For a 25 point add on, I would be tempted to buy direct from Disney if you are already a DVC member.  When you buy direct from Disney you do not have to deal with stripped contracts either. I look for resale contract inventory to pick up in the fall.

I recently picked up a 50 point resale SSR contract in our use year from The Timeshare Store.  I spotted it when it hit the website and was actually surprised to get it! So you just never know.


----------



## DisneyDenis (Jul 22, 2017)

I spotted and extremely unusual situation: 3 individual 15 point Aulani contracts with April UY. All zero points 2017 and full (15) points on all for 2018 forward.
I think you can get a discount on closing costs buying all 3. I did not think DVD sold under 25 points, but guess it happened when someone bought 45 point and split into 3 !!
Check out vacatia.com


----------



## DisneyDenis (Jul 22, 2017)

Addendum: Price is reasonable for so small a contract IMHO.


----------



## paluamalia (Jul 22, 2017)

vacationhopeful said:


> Those under 51 point contracts are the hardest to find ... I brought a resale 90 point AKV contract years ago... just before the restrictions started.
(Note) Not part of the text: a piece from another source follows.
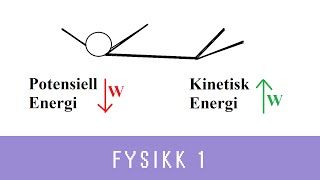 Fysikk med Eivind ep 15  Mekanisk energi bevart eller ikke bevart Fysikk 1 [upl. by Euqimod]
Since, I do the every 3 year booking for a vacation .. it works out just fine for me.
> 
> You could try various resellers let them know WHAT you are looking for ... but expect to not get a low price for that privilege or find out they will only put you are their email notice list.
> 
> ...


Mine is Maui in front of the Westin KAANAPALI


----------



## paluamalia (Jul 22, 2017)

littlestar said:


> For a 25 point add on, I would be tempted to buy direct from Disney if you are already a DVC member.  When you buy direct from Disney you do not have to deal with stripped contracts either. I look for resale contract inventory to pick up in the fall.
> 
> I recently picked up a 50 point resale SSR contract in our use year from The Timeshare Store.  I spotted it when it hit the website and was actually surprised to get it! So you just never know.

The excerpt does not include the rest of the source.